6:18 Uhr. Die Sonne hat verschlafen
und versteckt sich noch hinter ein paar Wolken am Horizont. Das Morgenrot kündigt
aber schon ihr Kommen an. Alles blickt Richtung Sonne, um die ersten Strahlen
aufzufangen. Im Canyon ist es noch dunkel. Hinter dem grauen Schleier kann man
aber schon das Rot der Wände erahnen. Jetzt, das erste Aufblinzeln, wie wenn
man verschlafen unter der Bettdecke hervorschaut. Nochmal kurz untertauchen und
dann – aaaah. Nun ist sie nicht mehr aufzuhalten. Majestätisch erhebt sie
sich und wärmt mit den ersten Strahlen, die uns treffen. Ein wunderbarerer
Anblick. Aber das eigentliche Schauspiel beginnt ja hinter uns. Das Morgenlicht,
das sich die Canyonwände hinunterkämpft, lange Schatten werfend. Es beginnt am
ebenen Canyon-Rand. Ein heller Saum. Schicht um Schicht wird präsentiert, jeder
ein Schritt zurück in der Geschichte der Erde, mit einem anderen Farbton
dargestellt, jäh abgeschnitten von dunklem Schatten. Im Zentrum des Canyon, wo
tief unten an manchen Stellen der Colorado River als scheinbar kleiner Bach zu
sehen ist, findet das Sonnenlicht schneller einen Weg hinein. Orange-rot
leuchten Teile der – wie soll man sie bezeichnen – Bergketten oder besser
Talketten.
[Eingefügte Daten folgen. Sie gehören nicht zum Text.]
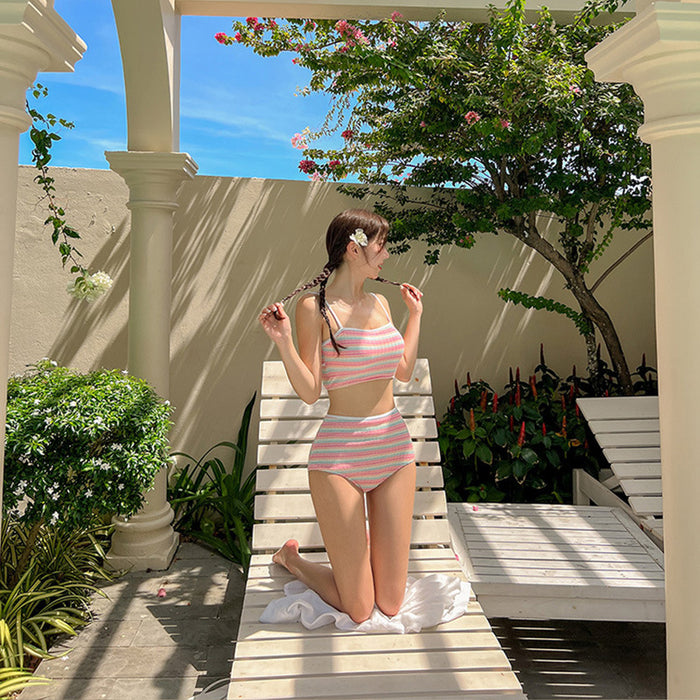 Wholesale Swimsuit rainbow striped split skirt bikini sexy backless slimming swimsuit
Langsam werden auch die Ausmaße des Canyons bewusst. Es ist
unbeschreiblich. Nicht wirklich in Worte zu fassen. Der Name Grand Canyon ist
nicht unberechtigt. Das Beste dran ist, dass er 50 Meter von Rand entfernt
eigentlich gar nicht existiert. Ein nicht allzu dichter Wald in einer weiten
Ebene. Nirgends eine Ankündigung. Plötzlich dieser gewaltige Abgrund und diese
Farben. Natürlich kann man die Größe in Zahlen fassen: 400.000 ha groß ist
das Gebiet des Grand Canyon, fast 450 Kilometer am Colorado River entlang, im
Durchschnitt 1600 m tief, an der engsten Stelle 800 Meter, an der breitesten 29
km breit. Aber all das sind nur Zahlen. Sie beschreiben ihn nicht wirklich.
Sicher ist nur, er ist riesig und man selbst nur klein winzig.